Article 15 of the MDC-T constitution clearly states that: Every candidate seeking to hold office as a Local Authority Councillor, Mayor, Member of Parliament or Senator shall be elected through a Primary Election “and that . . . voting shall be by secret ballot and the candidate polling the highest number of votes shall be declared winner”.

The only reason I can therefore find for the unpopular decision to go against this clear constitutional matter is that leaders of the MDC-T now seem motivated by hunger for power and the attendant fringe benefits. MDC-T leaders can no longer honestly claim to safeguard principles of democracy or to identify with the working majority and therefore can no longer articulate their point of view.

MDC-T seems to be fast transforming into a lumbering organisation with a potpourri membership or just another struggling opposition party with vague plans and inept leadership whose respect for democracy is riddled with bullets of tyranny.

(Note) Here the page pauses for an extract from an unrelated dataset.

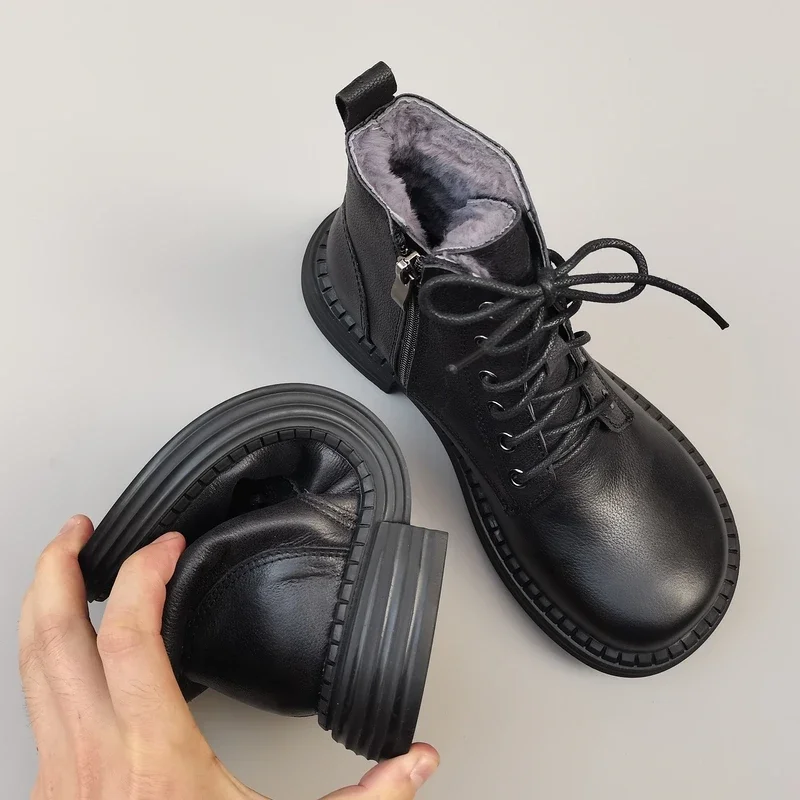 Careaymade-100% Genuine leather wide version Casual women big size short boots,Men's Pure handmade single boots warm Wool boots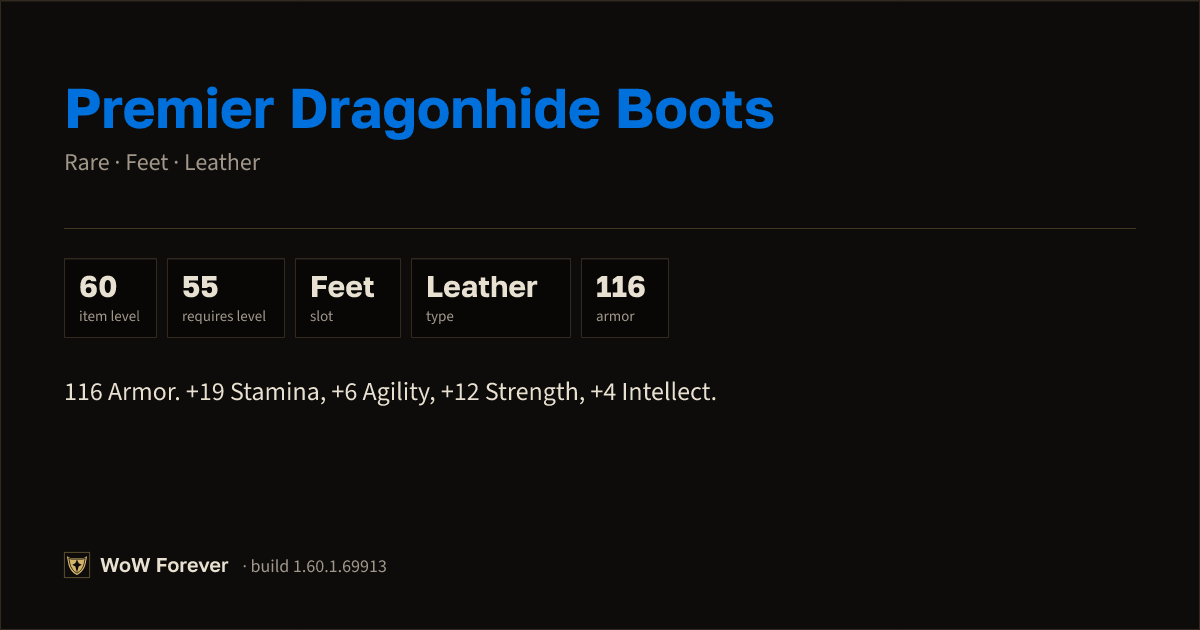 The preview card for Premier Dragonhide Boots - Rare Leather Feet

The squabbles within the party — along factional lines like Zanu PF — are largely to do with personal interests which threaten to rip the MDC-T apart. The MDC-T need not be entangled in the gossamer threads of failed ideologies. It should just concern itself with a plain down-to-earth thrust on democracy. While it is common belief that with political maturity comes democratic responsibility, the case does not seem so with the MDC-T.

Maturity in the MDC-T appears to be assuming a new and sinister meaning verging on tyrannical behaviour — the do as I say and not as I do syndrome.

Maybe MDC-T supporters are expecting too much from mere mortals, but to absolve these leaders of their armchair commitment under the all embarrassing and loose “individual priority” excuse would be tantamount to flying against the very expectations that have seen our politicians appointed to high offices.

The bottom line is we expect leadership by example. Democracy should never be betrayed for personal interests. Democracy must be seen to be practiced, not only preached. If grassroots supporters so much as smell a deviance from democracy and, for example, see leaders thrust upon them, they will revolt — they will withhold their vote or sell it altogether!

People are sick and tired of being lied to. Dabbling in semantics as the MDC-T officials seek to do for the sake of political posturing is in itself a dead end.

Tsvangirai’s party cannot draw comfort from the oft-stated excuse: “the MDC is still a young party”. For how long are you supposed to be young? Even at the ripe age of 60, one is still young to his mother. The MDC-T should wake up and act democracy. Verbal acrobatics alone cannot bring change!